15 Tanaman Obat untuk Mengatasi Diabetes Melitus. Diabetes melitus (DM) disebut juga kencing manis merupakan penyakit kelainan metabolisme karbohidrat yang disebabkan kelenjar pankreas tidak mampu menghasilkan insulin dalam jumlah yang cukup. Insulin adalah hormon yang dibentuk dalam kelenjar pankreas yang berfungsi mengendalikan kadar gula dalam darah.

Secara umum diabetes atau kencing manis dapat diatasi dengan obat antidiabetes yang secara medis disebut Obat Hipoglikemia Oral (OHO) biasanya berbentuk kapsul yang bisa ditelan. Pengobatan non medis seperti terapi herbal awalnya kebanyakan orang tak mempercayainya, Namun secara berangsur-angsur masyarakat mulai memahami pengobatan alternatif ini, dan dinilai mempunyai efek samping sedikit, murah, dan mudah didapat. Terapi herbal dapat dilakukan dalam pengobatan maupun pencegahan terhadap penyakit.
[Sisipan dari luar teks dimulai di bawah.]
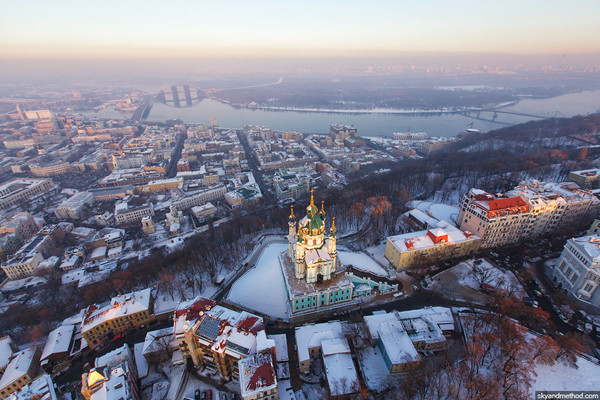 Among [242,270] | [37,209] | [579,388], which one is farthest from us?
[37,209]

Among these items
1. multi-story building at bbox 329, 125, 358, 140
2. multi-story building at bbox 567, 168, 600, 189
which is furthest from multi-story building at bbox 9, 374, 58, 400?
multi-story building at bbox 329, 125, 358, 140

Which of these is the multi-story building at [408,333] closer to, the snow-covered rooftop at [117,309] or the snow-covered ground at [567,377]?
the snow-covered ground at [567,377]

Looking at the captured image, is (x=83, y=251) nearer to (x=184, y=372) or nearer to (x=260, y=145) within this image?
(x=184, y=372)

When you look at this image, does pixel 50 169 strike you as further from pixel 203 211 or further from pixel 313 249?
pixel 313 249

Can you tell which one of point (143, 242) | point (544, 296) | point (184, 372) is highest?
point (544, 296)

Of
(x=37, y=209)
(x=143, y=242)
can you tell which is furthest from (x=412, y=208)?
(x=37, y=209)

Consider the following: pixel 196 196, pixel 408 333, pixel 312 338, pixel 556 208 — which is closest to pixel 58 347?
pixel 312 338

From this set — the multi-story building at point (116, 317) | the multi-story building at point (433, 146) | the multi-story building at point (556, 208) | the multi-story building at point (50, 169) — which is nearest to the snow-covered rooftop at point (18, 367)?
the multi-story building at point (116, 317)
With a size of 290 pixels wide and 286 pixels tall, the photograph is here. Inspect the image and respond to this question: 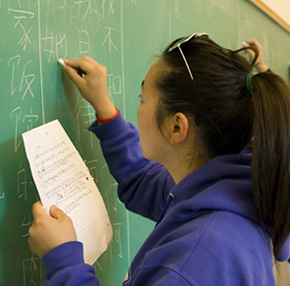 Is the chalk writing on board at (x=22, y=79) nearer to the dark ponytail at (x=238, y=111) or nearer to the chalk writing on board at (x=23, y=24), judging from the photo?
the chalk writing on board at (x=23, y=24)

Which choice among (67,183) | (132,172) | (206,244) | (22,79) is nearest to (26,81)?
(22,79)

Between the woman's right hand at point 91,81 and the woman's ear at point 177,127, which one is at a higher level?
the woman's right hand at point 91,81

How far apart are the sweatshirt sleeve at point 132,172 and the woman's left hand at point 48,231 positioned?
0.25 meters

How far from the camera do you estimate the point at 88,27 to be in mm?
841

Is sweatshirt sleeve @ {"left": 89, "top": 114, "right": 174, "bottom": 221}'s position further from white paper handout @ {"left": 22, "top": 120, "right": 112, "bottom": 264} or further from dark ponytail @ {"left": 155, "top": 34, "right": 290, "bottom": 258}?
dark ponytail @ {"left": 155, "top": 34, "right": 290, "bottom": 258}

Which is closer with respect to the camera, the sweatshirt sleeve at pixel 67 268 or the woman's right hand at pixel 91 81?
the sweatshirt sleeve at pixel 67 268

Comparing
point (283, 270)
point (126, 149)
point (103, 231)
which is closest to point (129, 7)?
point (126, 149)

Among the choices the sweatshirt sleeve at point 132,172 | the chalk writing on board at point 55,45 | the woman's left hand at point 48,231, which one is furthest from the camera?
the sweatshirt sleeve at point 132,172

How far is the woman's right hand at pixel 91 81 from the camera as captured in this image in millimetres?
782

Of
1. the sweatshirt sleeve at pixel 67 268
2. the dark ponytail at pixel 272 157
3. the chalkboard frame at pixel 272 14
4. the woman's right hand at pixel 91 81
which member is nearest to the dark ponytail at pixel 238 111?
the dark ponytail at pixel 272 157

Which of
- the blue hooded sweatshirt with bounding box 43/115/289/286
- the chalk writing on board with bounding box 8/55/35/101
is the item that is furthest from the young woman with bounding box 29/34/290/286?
the chalk writing on board with bounding box 8/55/35/101

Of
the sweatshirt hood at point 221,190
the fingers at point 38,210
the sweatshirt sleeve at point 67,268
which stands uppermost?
the sweatshirt hood at point 221,190

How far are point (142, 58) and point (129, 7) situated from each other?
0.48ft

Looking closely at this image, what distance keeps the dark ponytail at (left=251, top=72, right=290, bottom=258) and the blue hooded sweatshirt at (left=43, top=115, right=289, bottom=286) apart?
0.03m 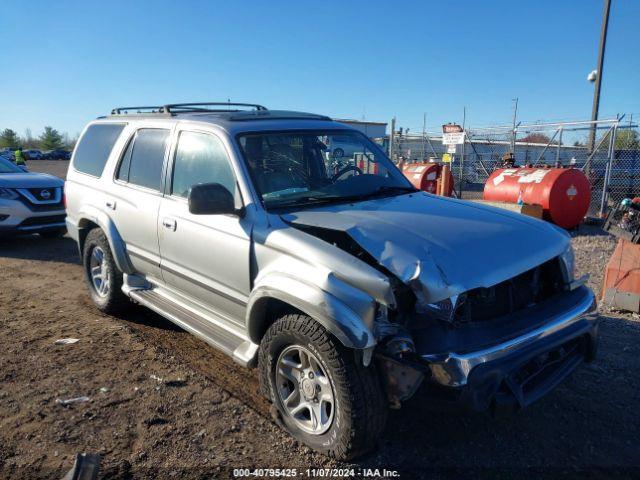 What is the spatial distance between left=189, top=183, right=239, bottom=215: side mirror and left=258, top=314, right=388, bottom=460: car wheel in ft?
2.75

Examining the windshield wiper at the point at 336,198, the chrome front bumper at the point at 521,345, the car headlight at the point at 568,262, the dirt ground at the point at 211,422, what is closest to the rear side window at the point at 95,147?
the dirt ground at the point at 211,422

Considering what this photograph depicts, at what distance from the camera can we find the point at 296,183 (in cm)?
385

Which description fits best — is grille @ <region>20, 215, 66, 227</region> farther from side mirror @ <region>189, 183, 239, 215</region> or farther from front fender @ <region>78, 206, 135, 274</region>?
side mirror @ <region>189, 183, 239, 215</region>

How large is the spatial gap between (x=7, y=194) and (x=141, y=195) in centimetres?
568

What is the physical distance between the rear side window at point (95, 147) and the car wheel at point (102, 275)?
0.71m

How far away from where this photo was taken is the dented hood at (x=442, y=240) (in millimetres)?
2689

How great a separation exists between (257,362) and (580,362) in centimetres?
209

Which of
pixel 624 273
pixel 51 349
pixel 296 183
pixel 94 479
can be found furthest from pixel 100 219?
pixel 624 273

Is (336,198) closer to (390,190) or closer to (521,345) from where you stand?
(390,190)

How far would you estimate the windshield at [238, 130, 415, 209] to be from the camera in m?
3.71

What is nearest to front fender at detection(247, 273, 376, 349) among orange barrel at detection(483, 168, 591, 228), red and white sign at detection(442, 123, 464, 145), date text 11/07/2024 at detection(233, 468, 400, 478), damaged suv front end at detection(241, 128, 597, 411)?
damaged suv front end at detection(241, 128, 597, 411)

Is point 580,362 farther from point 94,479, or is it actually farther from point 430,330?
point 94,479

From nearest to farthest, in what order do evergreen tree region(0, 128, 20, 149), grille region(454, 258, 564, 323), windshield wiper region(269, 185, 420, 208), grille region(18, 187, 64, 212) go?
grille region(454, 258, 564, 323)
windshield wiper region(269, 185, 420, 208)
grille region(18, 187, 64, 212)
evergreen tree region(0, 128, 20, 149)

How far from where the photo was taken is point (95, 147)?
18.2 feet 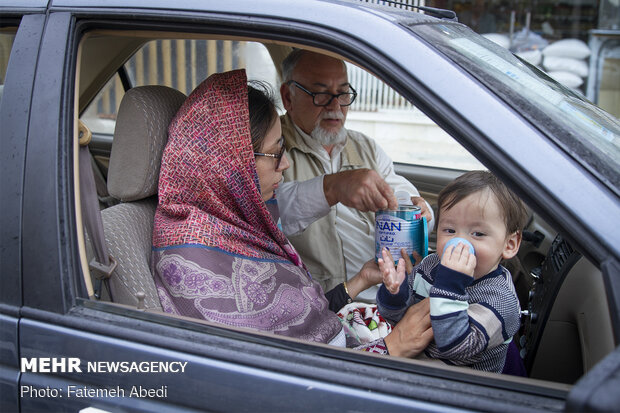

Hal yang paling penting dalam terapi herbal, dalam pembuatannya harus direncanakan oleh dokter atau terapis bersama si pasien, dimana jika terjadi ketidak cocokan dapat segera diantisipasi. Hal ini penting, dimana persentasi kesembuhan penderita diabetes selalu berkonsultasi dengan terafisnya. Dalam banyak kasus didalam terapi herbal, pemakaian yang telah dikonsumsi dari medis berupa OHO, tidak ditinggalkan secara langsung, tetapi dikombinasikan terlebih dahulu agar tubuh dapat beradaptasi. Pengombinasian ini sangat efektif menolong penderita yang cukup lama tergantung dengan obat.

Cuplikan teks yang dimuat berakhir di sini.